Assigned task:
For the records below, print the lines from the line with "1336 W Rebound Road" through the line with "Mille Colline Room" exactly as written; include both end lines and exclude the rest.

Collection entries
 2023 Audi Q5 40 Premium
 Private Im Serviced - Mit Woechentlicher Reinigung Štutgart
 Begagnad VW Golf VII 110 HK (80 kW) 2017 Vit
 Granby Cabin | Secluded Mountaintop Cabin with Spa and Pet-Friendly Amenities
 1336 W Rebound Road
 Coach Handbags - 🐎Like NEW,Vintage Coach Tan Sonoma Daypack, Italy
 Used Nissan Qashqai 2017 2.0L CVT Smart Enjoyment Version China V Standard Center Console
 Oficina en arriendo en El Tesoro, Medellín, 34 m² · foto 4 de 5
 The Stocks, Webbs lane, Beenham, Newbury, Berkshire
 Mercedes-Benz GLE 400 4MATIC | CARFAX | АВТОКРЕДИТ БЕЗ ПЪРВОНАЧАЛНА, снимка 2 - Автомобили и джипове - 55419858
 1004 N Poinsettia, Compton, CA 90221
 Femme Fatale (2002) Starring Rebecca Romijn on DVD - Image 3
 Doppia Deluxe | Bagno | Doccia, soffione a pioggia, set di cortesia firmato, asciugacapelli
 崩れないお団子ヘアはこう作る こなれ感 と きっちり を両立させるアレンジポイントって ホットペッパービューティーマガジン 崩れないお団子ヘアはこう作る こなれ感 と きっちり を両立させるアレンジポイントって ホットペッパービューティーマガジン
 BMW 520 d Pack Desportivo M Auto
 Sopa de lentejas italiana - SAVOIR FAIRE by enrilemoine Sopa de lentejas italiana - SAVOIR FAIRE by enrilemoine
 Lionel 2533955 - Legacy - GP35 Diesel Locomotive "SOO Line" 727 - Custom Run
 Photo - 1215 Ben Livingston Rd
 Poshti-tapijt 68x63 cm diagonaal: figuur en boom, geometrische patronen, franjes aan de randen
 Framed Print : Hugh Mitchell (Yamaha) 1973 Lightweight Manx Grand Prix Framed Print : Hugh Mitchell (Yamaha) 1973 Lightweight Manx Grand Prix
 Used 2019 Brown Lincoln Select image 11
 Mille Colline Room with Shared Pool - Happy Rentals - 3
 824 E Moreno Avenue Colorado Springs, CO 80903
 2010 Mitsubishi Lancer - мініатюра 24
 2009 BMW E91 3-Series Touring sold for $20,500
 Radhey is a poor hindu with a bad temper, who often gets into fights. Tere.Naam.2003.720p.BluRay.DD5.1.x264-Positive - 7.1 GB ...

Answer to the exercise:
 1336 W Rebound Road
 Coach Handbags - 🐎Like NEW,Vintage Coach Tan Sonoma Daypack, Italy
 Used Nissan Qashqai 2017 2.0L CVT Smart Enjoyment Version China V Standard Center Console
 Oficina en arriendo en El Tesoro, Medellín, 34 m² · foto 4 de 5
 The Stocks, Webbs lane, Beenham, Newbury, Berkshire
 Mercedes-Benz GLE 400 4MATIC | CARFAX | АВТОКРЕДИТ БЕЗ ПЪРВОНАЧАЛНА, снимка 2 - Автомобили и джипове - 55419858
 1004 N Poinsettia, Compton, CA 90221
 Femme Fatale (2002) Starring Rebecca Romijn on DVD - Image 3
 Doppia Deluxe | Bagno | Doccia, soffione a pioggia, set di cortesia firmato, asciugacapelli
 崩れないお団子ヘアはこう作る こなれ感 と きっちり を両立させるアレンジポイントって ホットペッパービューティーマガジン 崩れないお団子ヘアはこう作る こなれ感 と きっちり を両立させるアレンジポイントって ホットペッパービューティーマガジン
 BMW 520 d Pack Desportivo M Auto
 Sopa de lentejas italiana - SAVOIR FAIRE by enrilemoine Sopa de lentejas italiana - SAVOIR FAIRE by enrilemoine
 Lionel 2533955 - Legacy - GP35 Diesel Locomotive "SOO Line" 727 - Custom Run
 Photo - 1215 Ben Livingston Rd
 Poshti-tapijt 68x63 cm diagonaal: figuur en boom, geometrische patronen, franjes aan de randen
 Framed Print : Hugh Mitchell (Yamaha) 1973 Lightweight Manx Grand Prix Framed Print : Hugh Mitchell (Yamaha) 1973 Lightweight Manx Grand Prix
 Used 2019 Brown Lincoln Select image 11
 Mille Colline Room with Shared Pool - Happy Rentals - 3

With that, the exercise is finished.